There has always been a connection between Christian Nationalism and the fringier movements on the right. Each week on various media platforms, a number of televangelists proclaim the need for this country to be a theocracy under the rule of their narrow interpretation of the Christian faith. With the ascension of Trumpism, this view has gained a foothold within the halls of Congress and the Oval Office. President Trump, not someone who could ever be mistaken for being particularly religious, enlisted a large number of the faithful, mostly from Evangelical traditions and Prosperity Gospel ministries, to speak for him to their followers and quickly, a movement in which America would be made “great again” was united with a religious fervor that saw and believed the United States had a special covenantal relationship with God. And it has become the face of Christianity for much of the nation. The atrocities at the Capitol Building left untold damage: countless injuries, members of both the legislative and executive branches of government shaken to their core, and six people dead. In the midst of all this carnage, the cross of Jesus played a staring role and absent a strong rebuke and rebuttal from the rest of us who claim to follow the savior, it will be assumed that this is what Christianity is.

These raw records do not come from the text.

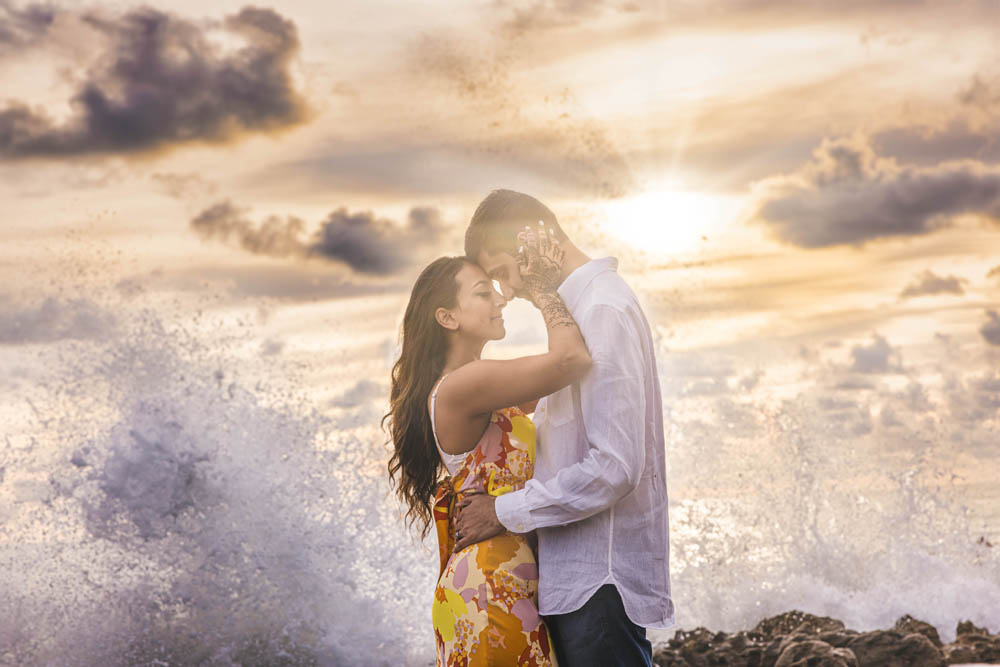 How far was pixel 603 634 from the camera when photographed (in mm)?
3012

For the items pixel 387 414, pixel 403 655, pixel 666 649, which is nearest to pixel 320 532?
pixel 403 655

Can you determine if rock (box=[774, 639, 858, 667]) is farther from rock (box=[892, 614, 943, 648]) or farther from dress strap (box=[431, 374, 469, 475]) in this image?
dress strap (box=[431, 374, 469, 475])

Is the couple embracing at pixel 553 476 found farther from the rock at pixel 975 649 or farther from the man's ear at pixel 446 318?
the rock at pixel 975 649

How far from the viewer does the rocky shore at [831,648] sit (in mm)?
7281

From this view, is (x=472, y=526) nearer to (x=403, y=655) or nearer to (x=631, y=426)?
(x=631, y=426)

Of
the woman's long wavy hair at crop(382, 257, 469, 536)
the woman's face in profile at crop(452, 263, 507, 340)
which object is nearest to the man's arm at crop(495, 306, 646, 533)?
the woman's face in profile at crop(452, 263, 507, 340)

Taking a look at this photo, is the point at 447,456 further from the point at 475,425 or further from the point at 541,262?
the point at 541,262

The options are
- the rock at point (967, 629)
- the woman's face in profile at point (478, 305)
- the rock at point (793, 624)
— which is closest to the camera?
the woman's face in profile at point (478, 305)

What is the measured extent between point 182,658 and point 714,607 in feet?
20.8

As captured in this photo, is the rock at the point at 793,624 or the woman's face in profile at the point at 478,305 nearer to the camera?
the woman's face in profile at the point at 478,305

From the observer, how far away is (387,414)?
412cm

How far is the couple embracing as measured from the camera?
3033 mm

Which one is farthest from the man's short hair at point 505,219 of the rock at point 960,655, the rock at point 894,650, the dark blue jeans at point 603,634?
the rock at point 960,655

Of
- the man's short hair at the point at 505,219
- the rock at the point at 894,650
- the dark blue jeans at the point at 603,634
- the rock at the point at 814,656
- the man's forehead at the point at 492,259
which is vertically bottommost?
the rock at the point at 894,650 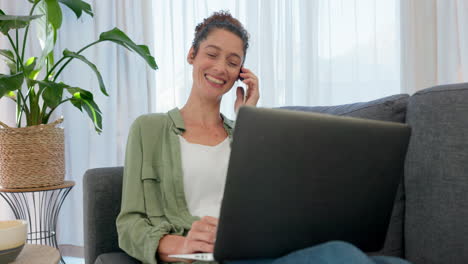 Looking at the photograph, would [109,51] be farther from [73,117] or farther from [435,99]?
[435,99]

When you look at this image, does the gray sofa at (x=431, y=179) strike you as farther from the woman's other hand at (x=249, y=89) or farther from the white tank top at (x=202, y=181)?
the woman's other hand at (x=249, y=89)

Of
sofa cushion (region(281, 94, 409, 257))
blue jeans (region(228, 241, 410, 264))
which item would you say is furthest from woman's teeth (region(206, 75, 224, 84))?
blue jeans (region(228, 241, 410, 264))

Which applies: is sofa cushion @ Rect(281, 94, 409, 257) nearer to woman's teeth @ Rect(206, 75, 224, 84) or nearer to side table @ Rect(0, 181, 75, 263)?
woman's teeth @ Rect(206, 75, 224, 84)

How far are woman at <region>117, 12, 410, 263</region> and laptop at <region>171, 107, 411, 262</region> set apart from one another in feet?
0.77

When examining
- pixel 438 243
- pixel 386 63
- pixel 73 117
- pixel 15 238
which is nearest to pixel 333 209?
pixel 438 243

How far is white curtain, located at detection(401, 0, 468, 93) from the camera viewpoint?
85.8 inches

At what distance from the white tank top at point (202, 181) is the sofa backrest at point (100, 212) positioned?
0.84 feet

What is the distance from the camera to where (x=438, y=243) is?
1056 millimetres

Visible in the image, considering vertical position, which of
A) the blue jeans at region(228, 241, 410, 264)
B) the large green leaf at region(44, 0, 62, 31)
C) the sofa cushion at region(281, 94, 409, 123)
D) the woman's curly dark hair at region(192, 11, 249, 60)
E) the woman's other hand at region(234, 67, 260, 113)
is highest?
the large green leaf at region(44, 0, 62, 31)

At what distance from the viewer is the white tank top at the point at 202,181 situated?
1.27 metres

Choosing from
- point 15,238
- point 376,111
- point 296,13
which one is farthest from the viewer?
point 296,13

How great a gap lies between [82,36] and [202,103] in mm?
1884

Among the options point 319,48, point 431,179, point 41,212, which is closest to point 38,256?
point 431,179

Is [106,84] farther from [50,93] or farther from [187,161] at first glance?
[187,161] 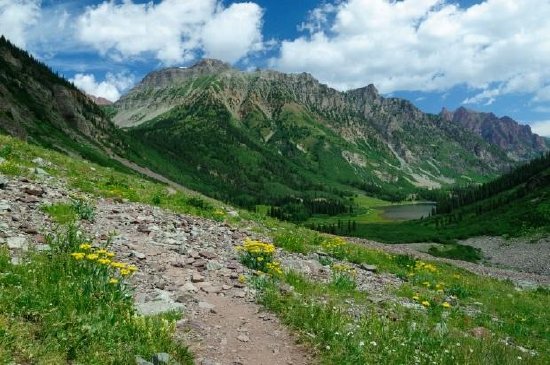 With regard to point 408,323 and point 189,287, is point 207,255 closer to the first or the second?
point 189,287

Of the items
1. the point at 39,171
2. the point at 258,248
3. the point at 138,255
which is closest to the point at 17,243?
the point at 138,255

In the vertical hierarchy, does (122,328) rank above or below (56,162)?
below

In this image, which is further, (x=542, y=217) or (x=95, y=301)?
(x=542, y=217)

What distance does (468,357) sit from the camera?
10.4 m

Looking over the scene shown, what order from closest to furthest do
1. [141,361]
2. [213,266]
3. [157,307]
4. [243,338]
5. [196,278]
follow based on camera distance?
[141,361], [243,338], [157,307], [196,278], [213,266]

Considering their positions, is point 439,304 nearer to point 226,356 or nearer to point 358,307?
point 358,307

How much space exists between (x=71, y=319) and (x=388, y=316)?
8685 millimetres

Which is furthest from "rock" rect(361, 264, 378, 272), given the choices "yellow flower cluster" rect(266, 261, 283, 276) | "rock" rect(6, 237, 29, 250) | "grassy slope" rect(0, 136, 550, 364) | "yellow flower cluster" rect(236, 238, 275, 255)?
"rock" rect(6, 237, 29, 250)

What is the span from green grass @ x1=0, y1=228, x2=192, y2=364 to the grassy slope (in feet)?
0.29

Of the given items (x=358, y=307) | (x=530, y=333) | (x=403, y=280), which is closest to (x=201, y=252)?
(x=358, y=307)

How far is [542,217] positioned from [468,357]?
182 meters

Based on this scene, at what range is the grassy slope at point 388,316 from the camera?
10336mm

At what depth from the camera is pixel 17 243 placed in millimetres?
12148

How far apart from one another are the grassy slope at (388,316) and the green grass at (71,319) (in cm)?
9
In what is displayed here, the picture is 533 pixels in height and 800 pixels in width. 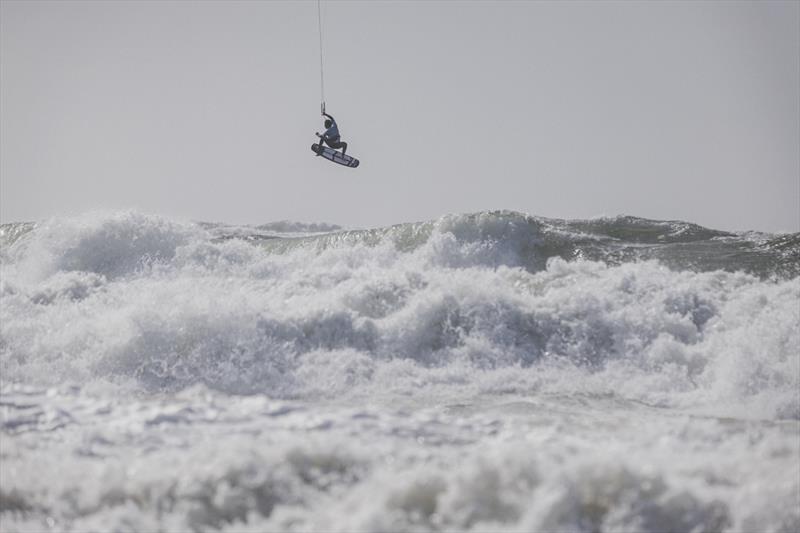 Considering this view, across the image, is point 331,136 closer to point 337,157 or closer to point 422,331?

Perhaps the most frustrating part of all that happened is the painfully predictable nature of all of this. The MAGA movement has been on a crash course for this moment, visible to anyone with eyes to see. The transition of power from Donald Trump to someone else, either by ballot box or term limits, was always going to be fraught with peril. There was little chance that the President himself would voluntarily relinquish power and even if he decided to so, there was no chance the most passionate of his followers were going to allow that to happen without significant efforts to stop it. In that sense, the insurrection attempted coup that took places in the Cathedral of Democracy—largely instigated by the President himself, along with his son, his lawyer, some in the legislative branch, and a cadre of his faithful—was the logical conclusion to the first chapter of the movement. It was, in a sense, the coming out party that alerted the whole of the nation of the strength and devotion of a great many of our neighbors. And the presence of so much religious paraphernalia so prominently displayed made a strong argument for whose side God was on.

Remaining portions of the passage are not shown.